- Born: 1853 London, England
- Died: October 1905 (aged 51–52)
- Occupation: Photographer
- Spouse: Ellen Alice Brill (d. 1951)

= William E. Wilson (photographer) =

English photographer (1853–1905)

William Ernest Wilson (1853 – October 1905) was an English photographer who made his name by documenting the American South in the late 19th and early 20th centuries. His collection of around 750 photographs, described as "truly impressive", were preserved by the Mobile Historic Preservation Society, the Georgia Historical Society and the University of Georgia's Special Collections.

== Early life ==
Wilson was born in 1905 in London, England, to James N. Wilson, a photographer. He had at least two brothers and four sisters. His family moved to Charleston, South Carolina, when he was two years old.

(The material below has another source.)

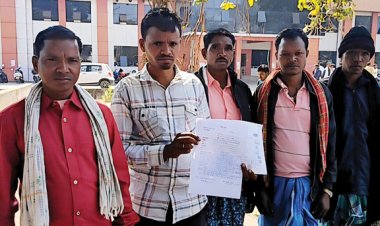 बच्चों का भविष्य अधर में, पेड़ के नीचे लग रही कक्षाएं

They later moved to New York.

== Career ==
In the early 20th century, Wilson had a photographic studio in Savannah, Georgia. While in Savannah, he was listed in the City Directory as being a landscape photographer, but it is believed he made most of his income from photographing portraits.

== Personal life ==
While living in New York, Wilson married Ellen Alice Brill, with whom he had three sons: Richard, Earnest and William Jr. The family returned to Savannah, where they lived for thirteen years, before moving to Mobile, Alabama, in 1894.

== Death ==
Wilson died in 1905, aged 51 or 52, at Providence Infirmary in Mobile. He was interred in the city's Pine Crest Cemetery. His wife survived him by 46 years and was buried beside him upon her death at the age of 89 or 90.

== Legacy ==
In 1979, Dennis O'Kain published Documenting the Deep South: William E. Wilson, Photographer.

In 1981, the University of Georgia Art Department published the 26-page William E. Wilson: Deep South Photographer.

Images of America's Mobile: Photographs from the William E. Wilson Collection was published in 2001.